The Duke. Directed by Roger Michell. In cinemas from March 31. Reviewed by Alanna Maclean


 THE Duke might be seen as a small film; small cast, made-for-tv feeling. 

But what a cast.  Helen Mirren and Jim Broadbent glow in a quietly low key piece about the theft of a Goya painting from the National Portrait Gallery in 1961 by one Kempton Bunton, a working class bloke up in Newcastle on Tyne with strong views on social justice. And things like compulsory TV licences for OAPs. 

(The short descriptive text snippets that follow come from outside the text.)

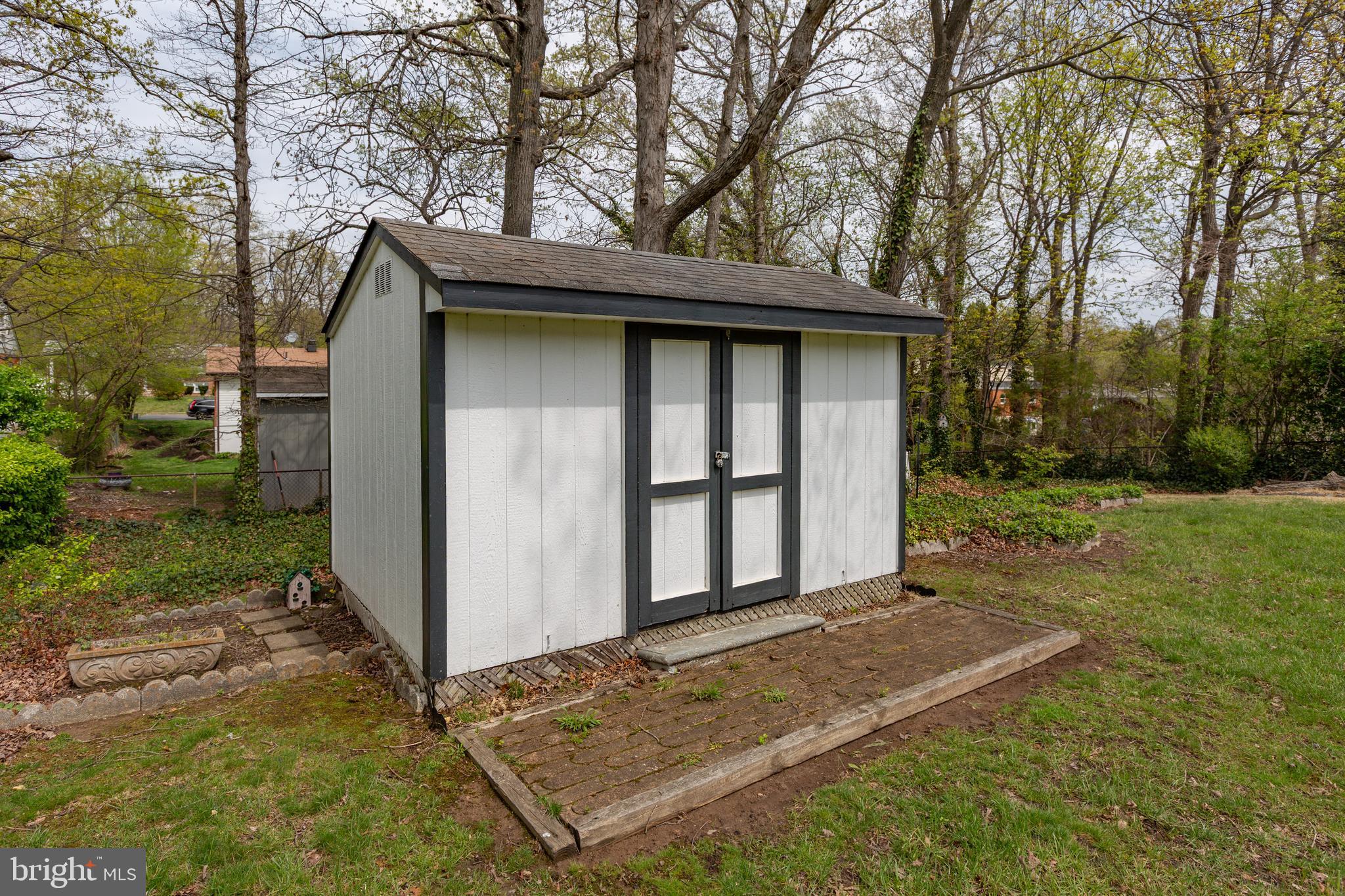 BIRCHDALE - Residential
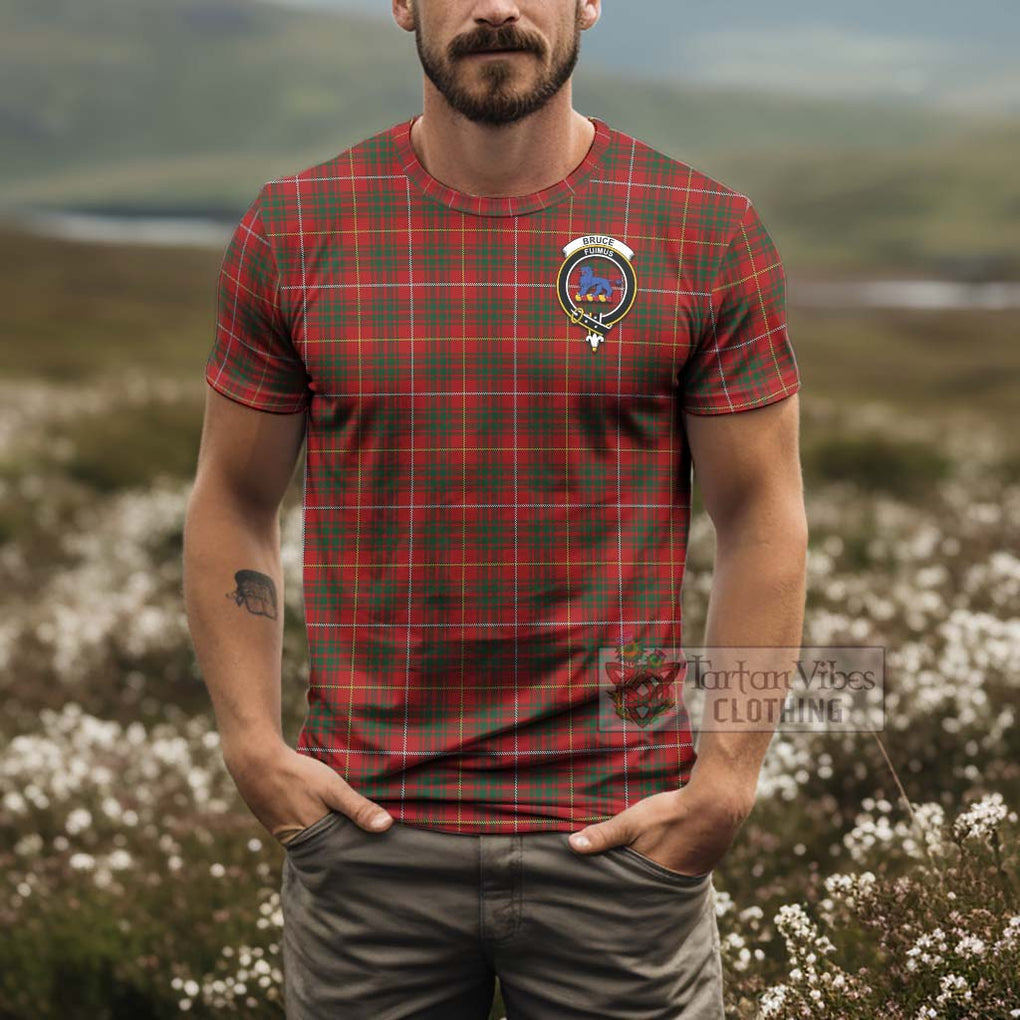 Tartan Vibes Clothing Bruce Tartan T-Shirt with Family Crest and Bearded Skull Holding Bottles of Whiskey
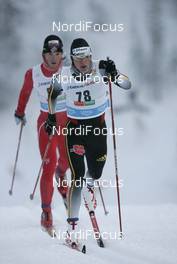 02.12.2007, Kuusamo, Finland (FIN): Franz Goering (GER) ahead, Kris Freeman (USA) behind- FIS world cup cross-country, 15km C men, Kuusamo (FIN). www.nordicfocus.com. c Furtner/NordicFocus. Every downloaded picture is fee-liable.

That painting, the portrait of The Duke of Wellington, drips with power and privilege. It is stolen to make a point.

 

Directed by the late Roger Michell (Notting Hill) this film has all the quirkiness of post war British comedy. If it weren’t in colour one would expect Stanley Holloway or Kathleen Harrison or Alec Guiness to turn up any minute. 

 

Broadbent’s Kempton struggles to stay in work, whether driving taxis or working at a bakery, because he has a tendency to speak up about injustice. He writes scripts which the BBC constantly reject. 

 

His wife, Dorothy (Mirren) cleans house for the upmarket Mrs Gowling (Anna Maxwell Martin) and wishes he would be more of a conformist and less of a worry. Older son ( Jack Bandeira), out of tune with his dad, into petty crime and  a tenuous relationship with the raucously judgemental Pammy (Charlotte Spencer) is living up in Leeds. Younger son  Jackie (Fionn Whitehead) is more on his father’s side. The Bunton’s marriage is haunted by the circumstances of the death of their daughter.  

 

The theft eventually lands Bunton in court where the camera slowly reveals how much the human beings there might agree with his stand, despite what the law might say. A twitch of amusement here, a removal of glasses there, often no words, just the ageing human faces of the court officials. 

 

There’s the odd loose end in the plot and a twist to the story which is a little anticlimactic (although true to what apparently actually happened) but the feeling of the piece is genuinely warm. It is anchored by Mirren and Broadbent in closely observed performances as the central couple. 

 

It’s a story about people and principles and the need for social justice. Well worth a visit when it comes through Canberra later in March.